Basic Toolbox for Beginner DIYer:
According to Isabelle, the very first thing everyone should have in their toolbox is a multi-tool. There are many different kinds out there, but most of them will give you a few basic screwdrivers, pliers, a knife and other small useful tools.
Then you have other essentials, like a measuring tape, a hammer, a level and clamps. Isabelle uses corner clamps, bar clamps and spring clamps all the time — they are like having a second set of hands and make building much easier, even for simple projects that don’t require any power tools, like these lighted wall panels.
But a workhorse for any DIYer, no matter if you’re a beginner or advanced, is a cordless drill with a basic set of drill bits and drivers. This will be useful for everything from putting IKEA furniture together, to building your own simple furniture projects like these outdoor benches.
Although you can get most lumber cut at the hardware store, every DIYer should also have a miter box and saw in their tool arsenal — it’s perfect for making straight or 45 degree cuts in small wood boards or for simple IKEA hacks like these double decker nightstands.

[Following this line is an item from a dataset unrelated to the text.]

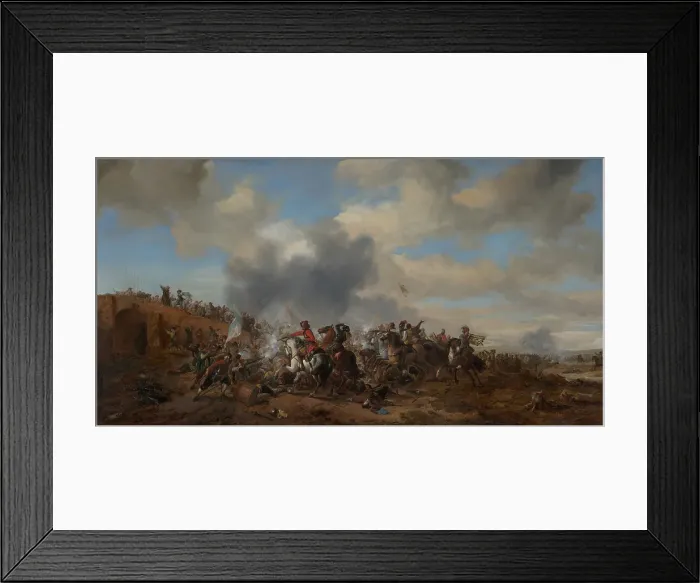 Framed Print : Battle Scene. Creator: Philip Wouverman Framed Print : Battle Scene. Creator: Philip Wouverman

Last but not least, Isabelle highly recommends a speed square — they are really inexpensive and are great for ensuring that angles are at 90 degrees and for transferring measurements.
For your first advanced toolbox addition, add some more accessories for your drill, like spade bits and hole saw bits. Hole bits are ideal for making space for cords and other wires.
Next, Isabelle recommends adding a combination square to your tools. A combination square is a great addition to the speed square which comes in very handy for transferring measurements.
If you know you will be needing a lot of a certain material, get the supplies you need to best handle that medium. For Isabelle, metal snips are very useful for a variety of projects — they can cut thin gauged metal and can also cut thicker materials, like wooden embroidery hoops which she uses in many of her lamp making projects.
Though not essential, Isabelle recently added a hands-free laser level to her tool kit, and finds it very useful when you’re working by without a helper while trying to install a mirror or picture frames!